Un courant fort public existe au sein d’Al Adl Wal Ihssane en faveur d’une intégration au jeu politique. Ce courant prend à rebrousse-poils toutes les thèses d’Abdeslam Yassine. Il considère que l’ouverture est réelle et que la participation permettrait d’apporter des solutions. Derrière se cache le désir de capter l’électorat islamiste et de se présenter comme interlocuteur privilégié au nom de toute la tendance.

Ce courant est combattu par A. Yassine, ses successeurs putatifs et surtout sa fille, qui continue à être l’icône médiatique du mouvement. A l’opposé des autres, ils pensent que la participation ne ferait que ‘’légitimer l’absolutisme’’. Ils s’appuient sur le faible taux de participation pour décréter que les Marocains rejettent tout le système. Seulement, cette position n’ouvre pas de perspectives à un mouvement dont le rêve de ‘’Qaouma’’, d’insurrection civile s’est évaporé.

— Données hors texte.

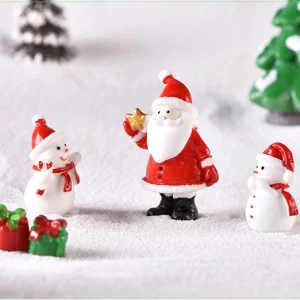 Santa Claus figurine holding yellow star with miniature snowmen for holiday display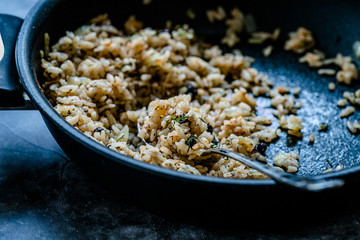 Turkish Stuffed Rice with Currants for Preparing Dolma in Pan with Spoon / Pilav or Pilaf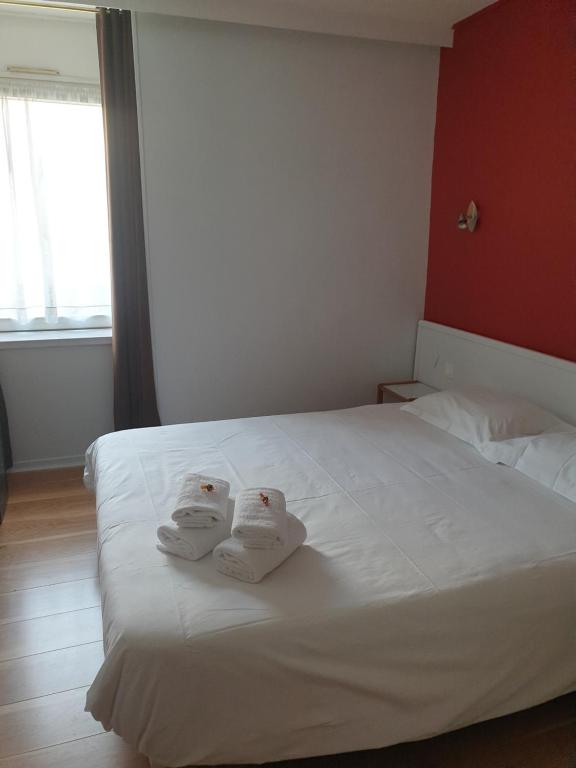 Postel nebo postele na pokoji v ubytování Hôtel Hermance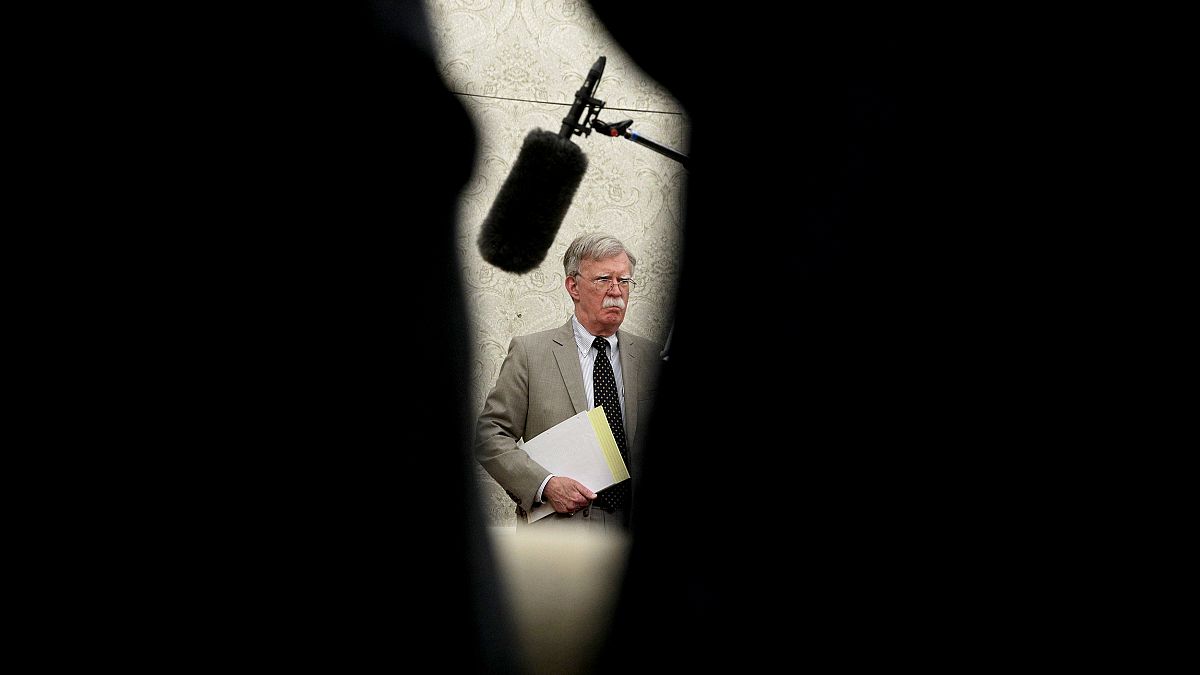 Image: National Security Adviser John Bolton listens in the Oval Office on 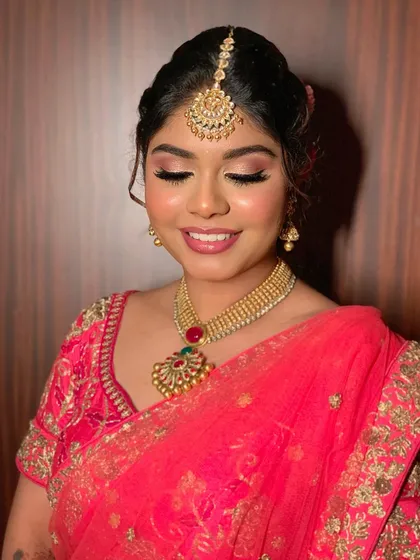 A close-up of Simran's eye makeup, featuring soft pink and champagne shimmers that make her eyes sparkle.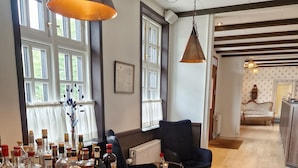 A spacious room with wooden flooring, a black armchair, a wooden table with liquor bottles, and large windows with white curtains.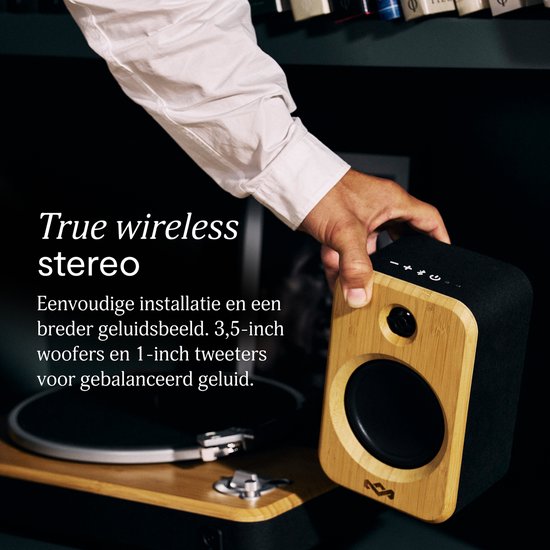 Hand houdt bamboe en zwarte draadloze luidspreker vast bij een platenspeler.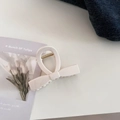 Detail of a creamy butterfly hair claw clip with golden spring on a white desktop - Small Bow Style / Cream White
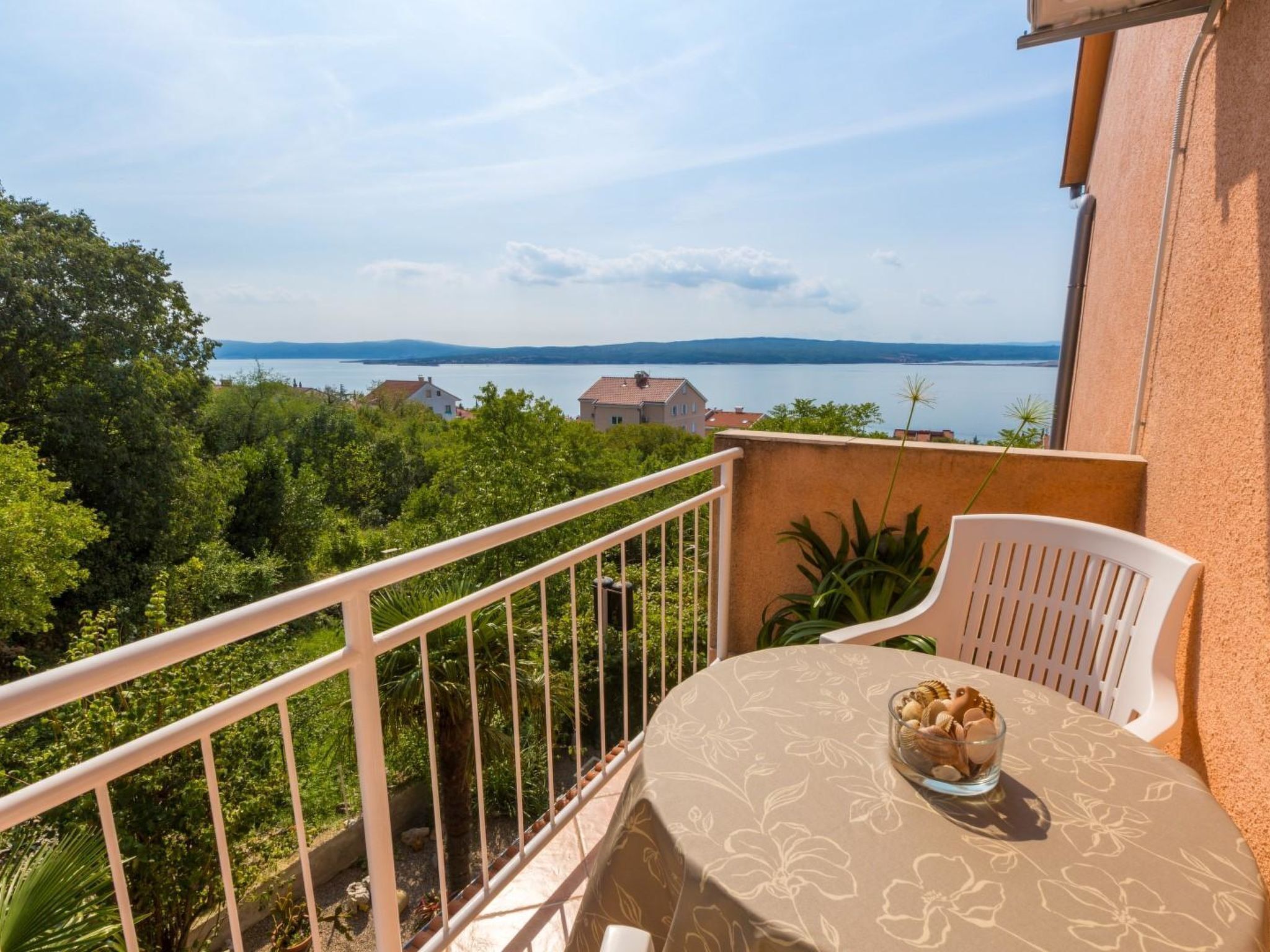 Un balcón con una mesa, una silla y vistas a un lago con edificios al fondo.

En filigrane, il y a bien évidemment la question du rapport à la monarchie. Ce débat, feutré pour le moment, apparaitra au grand jour dès la disparition d’A. Yassine, qu’on dit très malade.

Al Adl est une nébuleuse très liée au messianisme de son chef. C’est une organisation très particulière qui mélange religiosité, social et politique dans un cadre où le culte de la personnalité est la règle. Aucun successeur, quel qu’il soit, ne pourra bénéficier de l’aura qui permet à Yassine de maintenir l’unité d’un mouvement traversé d’autant de contradictions.

Chimère

Les analystes s’accordent pour dire que l’unité du mouvement dépend de ce lien quasi idolâtre qui lie les membres à leur chef, considéré comme un saint parmi les saints, habité de la vérité divine.

Les politiques de l’organisation se préparent donc à cette perspective. En lançant le débat sur l’intégration au jeu politique, ils prennent le risque d’une cassure avec tous les anciens soufis, ralliés à A. Yassine sur la base d’un projet d’éducation religieuse.

Car, fatalement, l’intégration au jeu politique signifie l’abandon de la chimère du califat islamique, pierre angulaire du dogme adliste.

Les autres courants islamistes, en particulier le Pjd, suivent avec un vif intérêt ces évolutions. La perspective d’un concurrent électoral n’est pas la seule raison. Ils y voient aussi la disparition d’une force de captation des déçus de la démocratie et donc un renforcement de l’Islam politique modéré. Le système au Maroc a réussi bien des intégrations longtemps estimées peu envisageables. C’est la force de la construction mise en branle en 1975. Al Adl serait-t-il le prochain invité au banquet des institutions ? C’est de plus en plus probable.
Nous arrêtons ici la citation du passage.